When entropy is at its highest we are in a completely unpredictable state – we cannot know where anything is. But also all available energy has been used up (heat death) and no new ‘order’ can be created.
This image was based on a visualisation of entropy and complexity originally by Brett Andersen, where he used an image of cappuccino (foam + black coffee) > swirling coffee > milky coffee to demonstrate the three states. I’ve tried to continue this concept because I wanted to also integrate the potentiality of something actually being created out of this increasing entropy (and perhaps also integrating the role of humans in the process).
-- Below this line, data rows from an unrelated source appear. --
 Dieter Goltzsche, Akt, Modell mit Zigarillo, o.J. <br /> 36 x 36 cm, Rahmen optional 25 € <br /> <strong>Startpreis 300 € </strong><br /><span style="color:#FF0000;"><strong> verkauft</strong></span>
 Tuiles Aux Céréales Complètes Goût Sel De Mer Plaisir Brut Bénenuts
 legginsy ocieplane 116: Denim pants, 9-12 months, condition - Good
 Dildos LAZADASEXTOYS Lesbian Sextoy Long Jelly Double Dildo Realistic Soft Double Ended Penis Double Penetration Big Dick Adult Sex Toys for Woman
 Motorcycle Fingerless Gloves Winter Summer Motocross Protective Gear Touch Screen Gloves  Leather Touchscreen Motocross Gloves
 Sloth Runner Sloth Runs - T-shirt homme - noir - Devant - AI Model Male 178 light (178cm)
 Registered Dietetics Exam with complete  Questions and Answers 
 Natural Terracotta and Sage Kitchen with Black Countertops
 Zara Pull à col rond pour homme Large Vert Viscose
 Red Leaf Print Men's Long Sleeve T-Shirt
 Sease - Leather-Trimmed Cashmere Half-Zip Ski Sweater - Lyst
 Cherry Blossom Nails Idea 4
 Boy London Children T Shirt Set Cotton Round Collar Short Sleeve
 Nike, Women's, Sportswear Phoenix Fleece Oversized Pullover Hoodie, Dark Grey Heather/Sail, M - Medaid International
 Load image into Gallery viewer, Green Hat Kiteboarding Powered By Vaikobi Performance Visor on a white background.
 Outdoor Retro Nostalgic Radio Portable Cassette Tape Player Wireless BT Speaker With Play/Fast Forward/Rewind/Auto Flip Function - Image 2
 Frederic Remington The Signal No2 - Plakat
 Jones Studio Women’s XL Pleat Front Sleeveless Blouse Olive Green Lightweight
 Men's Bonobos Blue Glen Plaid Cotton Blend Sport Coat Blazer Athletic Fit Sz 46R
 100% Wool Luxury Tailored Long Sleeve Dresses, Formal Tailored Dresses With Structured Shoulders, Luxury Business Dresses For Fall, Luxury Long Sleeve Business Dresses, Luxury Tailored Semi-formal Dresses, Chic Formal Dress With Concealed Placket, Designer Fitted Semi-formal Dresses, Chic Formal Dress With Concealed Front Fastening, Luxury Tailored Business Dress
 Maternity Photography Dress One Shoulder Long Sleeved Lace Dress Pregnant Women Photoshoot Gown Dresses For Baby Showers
We start with two ordered states (water and dry sand). The dry sand here is ordered and predictable. As the water comes in, the entropy increases and a new form can emerge, e.g. wavy sand, rivulets etc as the water mixes with the sand. But the potential to create something new has also emerged. Here the children come in and begin to play (the human role). They can create new and higher forms of order and complexity (‘reverse entropy’) by using energy. This is new state is temporary as entropy always increases (here as a metaphor for the tide) and eventually the entropy overtakes everything causing an unpredictable state to be achieved at the end. The complexity that emerged was temporary between states suggesting that entropy is required for a novel creative state to emerge, and that creativity is a sort of reversing the tide of entropy – which explains why beauty is so important to the human psyche because it indicates a transient effort against inevitably of entropy.